What’s next in chips

via MIT Technology Review https://ift.tt/0hkTpV5

MIT Technology Review’s What’s Next series looks across industries, trends, and technologies to give you a first look at the future. You can read the rest of them here.

Thanks to the boom in artificial intelligence, the world of chips is on the cusp of a huge tidal shift. There is heightened demand for chips that can train AI models faster and ping them from devices like smartphones and satellites, enabling us to use these models without disclosing private data. Governments, tech giants, and startups alike are racing to carve out their slices of the growing semiconductor pie.

Here are four trends to look for in the year ahead that will define what the chips of the future will look like, who will make them, and which new technologies they’ll unlock.

CHIPS Acts around the world

On the outskirts of Phoenix, two of the world’s largest chip manufacturers, TSMC and Intel, are racing to construct campuses in the desert that they hope will become the seats of American chipmaking prowess. One thing the efforts have in common is their funding: in March, President Joe Biden announced $8.5 billion in direct federal funds and $11 billion in loans for Intel’s expansions around the country. Weeks later, another $6.6 billion was announced for TSMC.

The awards are just a portion of the US subsidies pouring into the chips industry via the $280 billion CHIPS and Science Act signed in 2022. The money means that any company with a foot in the semiconductor ecosystem is analyzing how to restructure its supply chains to benefit from the cash. While much of the money aims to boost American chip manufacturing, there’s room for other players to apply, from equipment makers to niche materials startups.

But the US is not the only country trying to onshore some of the chipmaking supply chain. Japan is spending $13 billion on its own equivalent to the CHIPS Act, Europe will be spending more than $47 billion, and earlier this year India announced a $15 billion effort to build local chip plants. The roots of this trend go all the way back to 2014, says Chris Miller, a professor at Tufts University and author of Chip War: The Fight for the World’s Most Critical Technology. That’s when China started offering massive subsidies to its chipmakers.

cover of Chip War: The Fight for the World's Most Critical Technology by Chris Miller

“This created a dynamic in which other governments concluded they had no choice but to offer incentives or see firms shift manufacturing to China,” he says. That threat, coupled with the surge in AI, has led Western governments to fund alternatives. In the next year, this might have a snowball effect, with even more countries starting their own programs for fear of being left behind.

The money is unlikely to lead to brand-new chip competitors or fundamentally restructure who the biggest chip players are, Miller says. Instead, it will mostly incentivize dominant players like TSMC to establish roots in multiple countries. But funding alone won’t be enough to do that quickly—TSMC’s effort to build plants in Arizona has been mired in missed deadlines and labor disputes, and Intel has similarly failed to meet its promised deadlines. And it’s unclear whether, whenever the plants do come online, their equipment and labor force will be capable of the same level of advanced chipmaking that the companies maintain abroad.

“The supply chain will only shift slowly, over years and decades,” Miller says. “But it is shifting.”

More AI on the edge

Currently, most of our interactions with AI models like ChatGPT are done via the cloud. That means that when you ask GPT to pick out an outfit (or to be your boyfriend), your request pings OpenAI’s servers, prompting the model housed there to process it and draw conclusions (known as “inference”) before a response is sent back to you. Relying on the cloud has some drawbacks: it requires internet access, for one, and it also means some of your data is shared with the model maker.

That’s why there’s been a lot of interest and investment in edge computing for AI, where the process of pinging the AI model happens directly on your device, like a laptop or smartphone. With the industry increasingly working toward a future in which AI models know a lot about us (Sam Altman described his killer AI app to me as one that knows “absolutely everything about my whole life, every email, every conversation I’ve ever had”), there’s a demand for faster “edge” chips that can run models without sharing private data. These chips face different constraints from the ones in data centers: they typically have to be smaller, cheaper, and more energy efficient.

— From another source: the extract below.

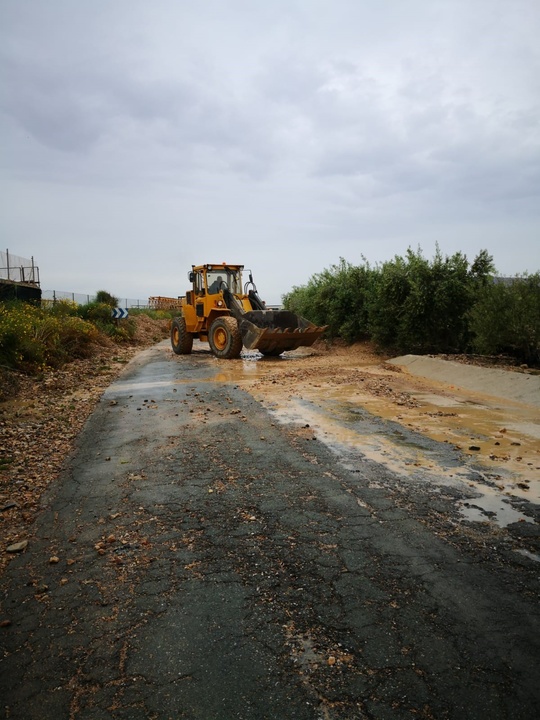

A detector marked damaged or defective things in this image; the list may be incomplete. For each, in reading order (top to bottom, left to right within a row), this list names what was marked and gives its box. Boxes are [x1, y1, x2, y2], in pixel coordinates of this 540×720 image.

cracked asphalt [1, 344, 540, 720] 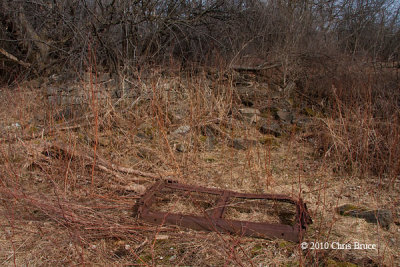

The US Department of Defense is funding a lot of research into fast, private edge computing. In March, its research wing, the Defense Advanced Research Projects Agency (DARPA), announced a partnership with chipmaker EnCharge AI to create an ultra-powerful edge computing chip used for AI inference. EnCharge AI is working to make a chip that enables enhanced privacy but can also operate on very little power. This will make it suitable for military applications like satellites and off-grid surveillance equipment. The company expects to ship the chips in 2025.

AI models will always rely on the cloud for some applications, but new investment and interest in improving edge computing could bring faster chips, and therefore more AI, to our everyday devices. If edge chips get small and cheap enough, we’re likely to see even more AI-driven “smart devices” in our homes and workplaces. Today, AI models are mostly constrained to data centers.

“A lot of the challenges that we see in the data center will be overcome,” says EnCharge AI cofounder Naveen Verma. “I expect to see a big focus on the edge. I think it’s going to be critical to getting AI at scale.”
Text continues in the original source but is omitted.